For your convenience, I’ll copy right here the very own words of the creator right from the post he created to promote his child:


Hi Hacker News! My name’s Mike. I’m the creator of Clozemaster.

Clozemaster is language learning through mass exposure to vocabulary in context. The goal is to fill in the missing word in a given sentence. The missing word is the most difficult word in the sentence according a frequency list for that language, and the sentences are from the awesome dataset at Tatoeba.

I started the site just under a year ago to answer the question “what should I do after finishing Duolingo?”. Since then it’s grown to support over 50 languages, mobile apps, and thousands of users. It’s useful for learners at almost any level, from beginner to advanced, and makes a great complement to Duolingo, textbooks, classrooms, etc. to practice vocab in context.

You can play the Fluency Fast Track which gives you a sentence for each unique missing word in order of increasing difficulty, jump in to sentences grouped by frequency from the 100 most common words to the 10,000 most common, or just play random sentences. There’s also “cloze-listening” - hear the sentence first, then see it and fill in the missing word.

Thought Hacker News might find Clozemaster interesting and hopefully useful! It’s still very much a work in progress - I have a bunch more features planned and I’m working to improve it all the time. I’m also open to any feedback and happy to answer any questions!

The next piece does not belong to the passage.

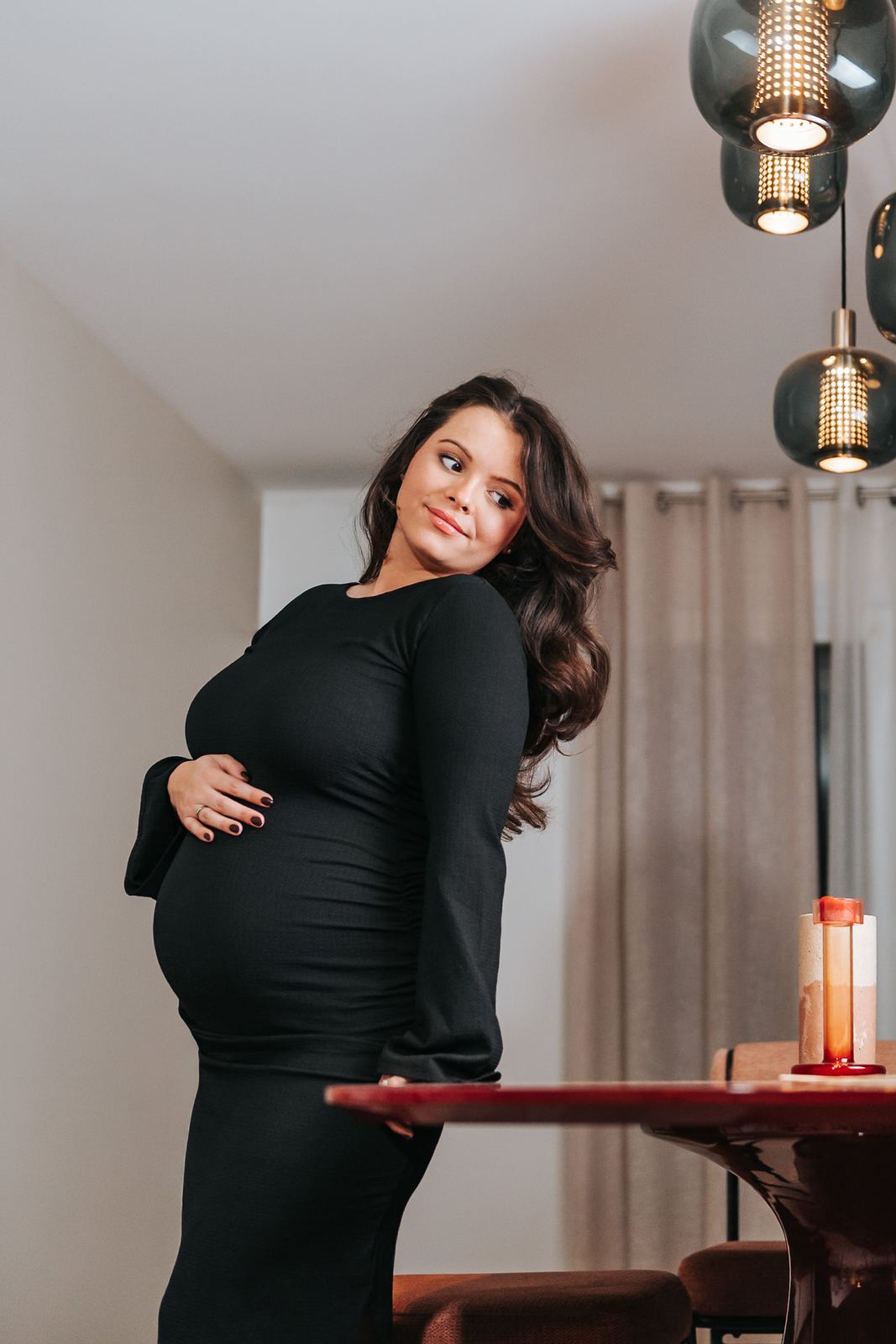 Future maman en robe longue en maille noire près du corps, chez elle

Since it’s a new language learning tool bursting or squeezing into this language learning tool wild world, market, habitat, contest, or whatever I strongly feel it’s the same as Here Comes A New Challenger like when playing Ultra Street Fighter II Turbo. What are your impressions? Do you think it’s a strong contestant as a language learning tool? Is it worth to give it a try? Would you consider using it? The Fill In The Gaps thing does really help?

As for me… I’m fascinated about its kind of roguelike nature as I read in the About section:


Where are the sentences from?
All sentences and translations are from tatoeba’s massive and awesome dataset, released under a CC-BY License.

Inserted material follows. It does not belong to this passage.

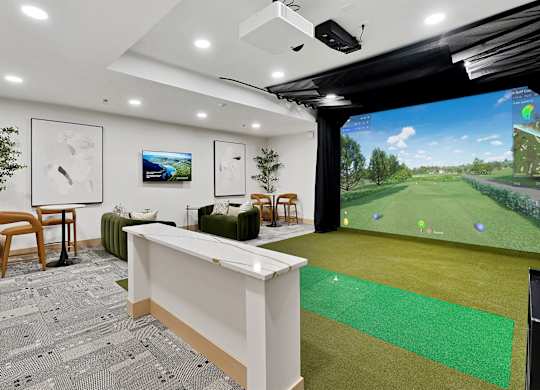 A room with a white reception desk and a large screen on the wall.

How are the blanks in the sentences selected?
The cloze deletion to test, or the blank in the sentence, is the least common word in the sentence within the 10,000 (or as many as possible) most common words in the language. In other words, for a given sentence all the words in the sentence are checked against the top 10,000 words in a fequency list for that language. The least common word is then used as the cloze test. In this way the vocab learned via clozemaster is the most difficult of the most common. If a quality frequency doesn’t exist for given language, one is either generated from the sentences themselves or random cloze words are selected.

Where are the frequency lists from?
The frequency lists used are from https://en.wiktionary.org/wiki/Wiktionary:Frequency_lists, except for: The frequency list for Japanese was generated from JLPT vocabulary lists on http://www.tanos.co.uk/jlpt/. All of the vocabulary is sorted by JLPT level, and higher precedence is given to kanji.

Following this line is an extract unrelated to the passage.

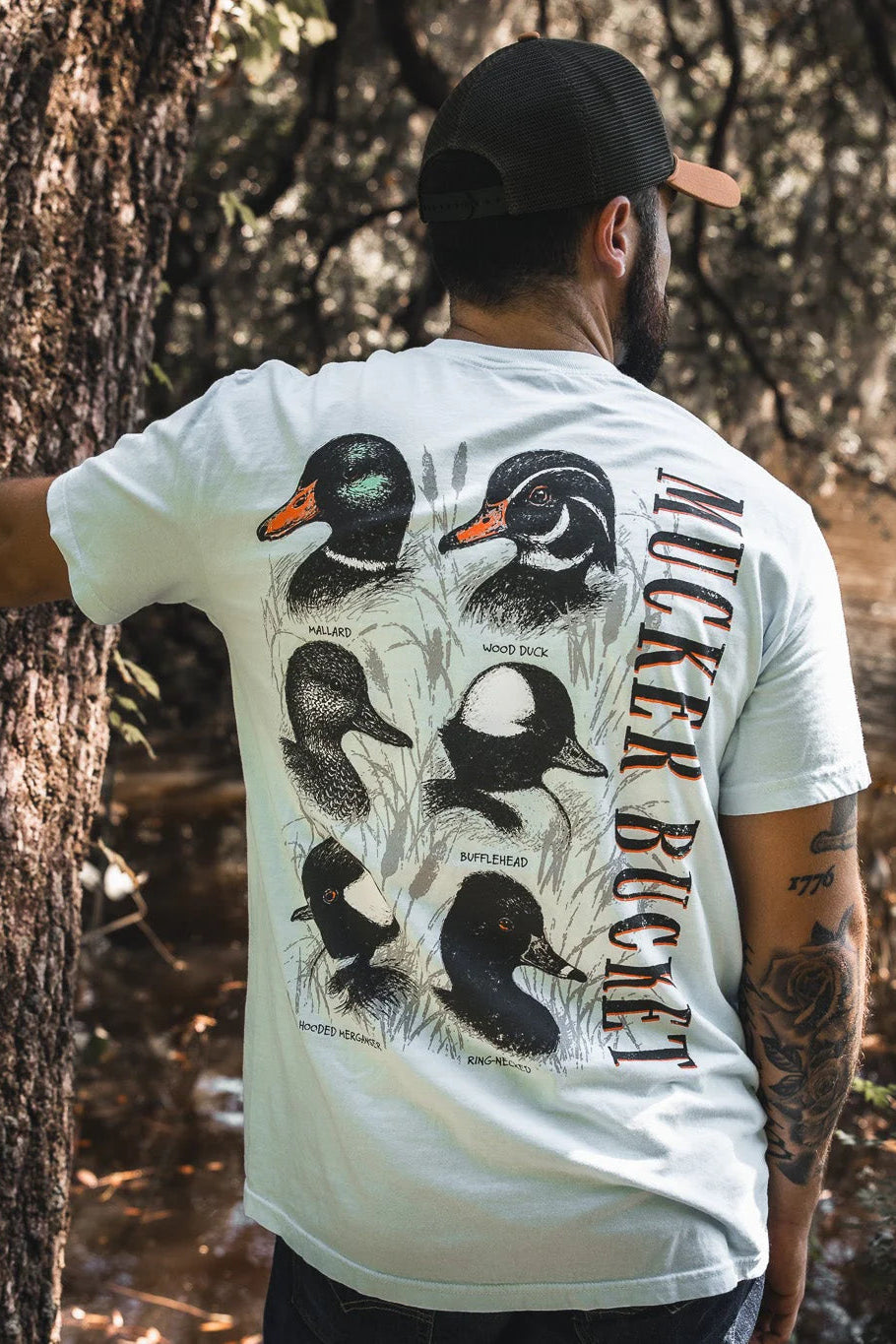 A man stands by a tree, facing away, wearing the Duck DNA Premium Tee from Mucker Bucket. The relaxed fit white shirt features illustrated duck species and "MUCKER BUCKET" vertically on the back, with a stream and trees in the background.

The frequency lists have been modified to remove common names and pronouns.


Don’t get my wrong: I do love lots the beauty of the manually crafted WaniKani and the priceless imprint of the genius behind but I also have faith in clever algorithms and auto-generated content based on random stuff from god knows which source.

Please, share your opinion!

ありがとうございます!


#2

Cloze activities are a tried and true, time honored tool among language teachers to teach, and more often assess, vocabulary use in context. Clozemaster’s explanation pretty much covers it. That said, don’t rely on the multiple choice too much. It could be good for getting your grounding, but the text input is the truer test of what you’ve learned. After spending a few minutes with the text input, I can see some scope for error on the part of the test if the person who wrote the “correct” answer didn’t add all possible ways of answering (synonyms, alternate conjugations, or vocab that can be written with different kanji). Looks like a neat little tool, though. Thanks for sharing!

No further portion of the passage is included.